I was recently reading up on the Mahalanobis Distance, and understood how it generalizes distance measures for multivariate data such as the Euclidean Distance. However, what got me wondering was how does one derive the formula constructively? I understand how this general form applies in particular cases, but is there a way to construct this general formula from 'first principles'?

Particularly, could someone explain what is the significance of the inverted covariance matrix? (especially in the non-trivial case when it is not a diagonal matrix)

More than "derive", I would talk about "why". For some explanations have a look at my answers here and here. For a direct application consider for example the $p$-multivariate normal distribution

$$f(x|\theta, \Sigma)=\frac{1}{(2\pi)^\frac{p}{2}|\Sigma|^\frac{p}{2}} \exp\left( -\frac{1}{2}\langle (x-\theta),\Sigma^{-1}(x-\theta)\rangle \right);$$

the exponent is (up to a factor $-\frac{1}{2}$) the square Mahalanobis distance of $x$ from the mean $\theta$. This is an example of kernel (gaussian); it is widely used in density estimation.

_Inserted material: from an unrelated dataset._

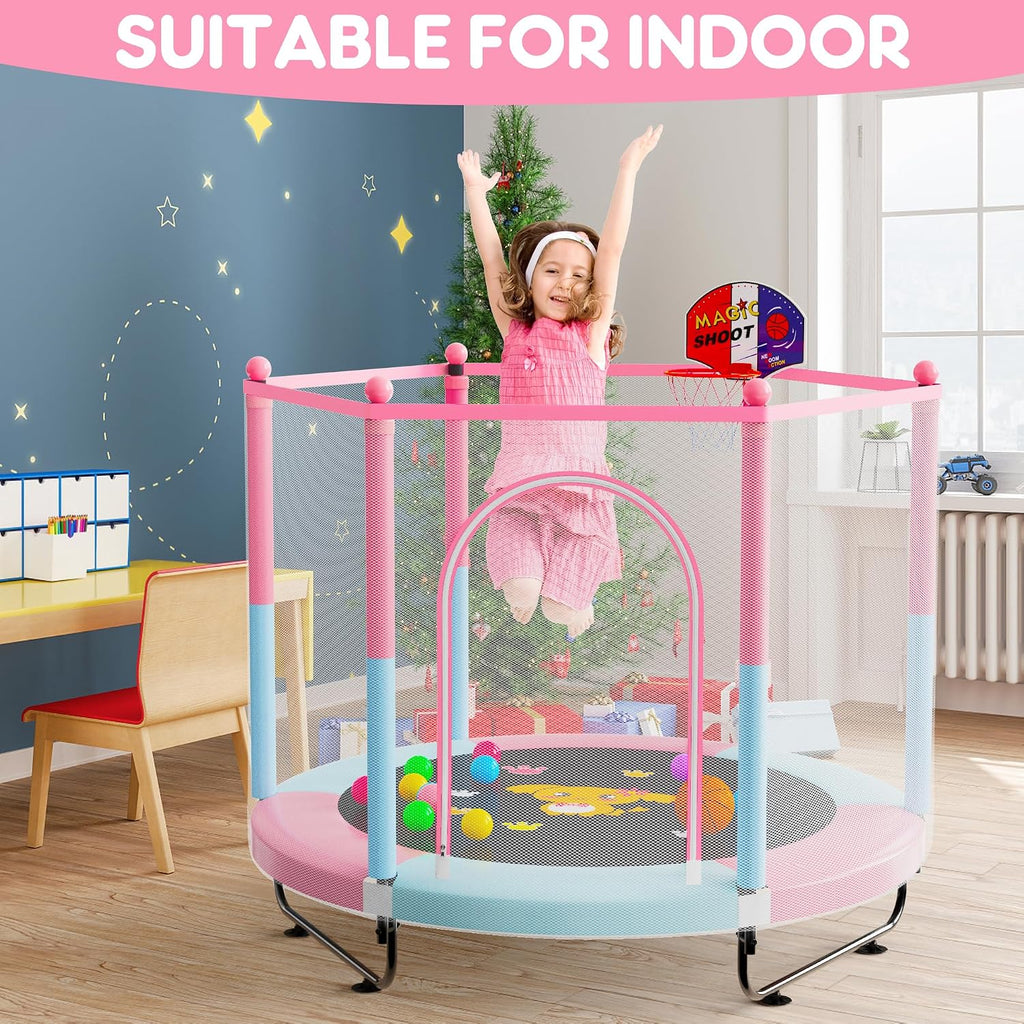 60" Trampoline for Kids, 5 FT Indoor & Outdoor Toddler Baby Trampoline with Basketball Hoop, Safety Enclosure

In the bivariate case, the level curves / density contours

$$\langle (x-\theta),\Sigma^{-1}(x-\theta)\rangle = K $$

are ellipses, with the usual statistical / mathematical interpretation.

In more mathematical terms, the squared Mahalanobis distance is an example of Bregman divergence generated by the convex function $F(x)=\frac{1}{2}\langle x,\Sigma^{-1}x\rangle$. In the regression context, it is also related to leverage; I refer to specialized texts for more details.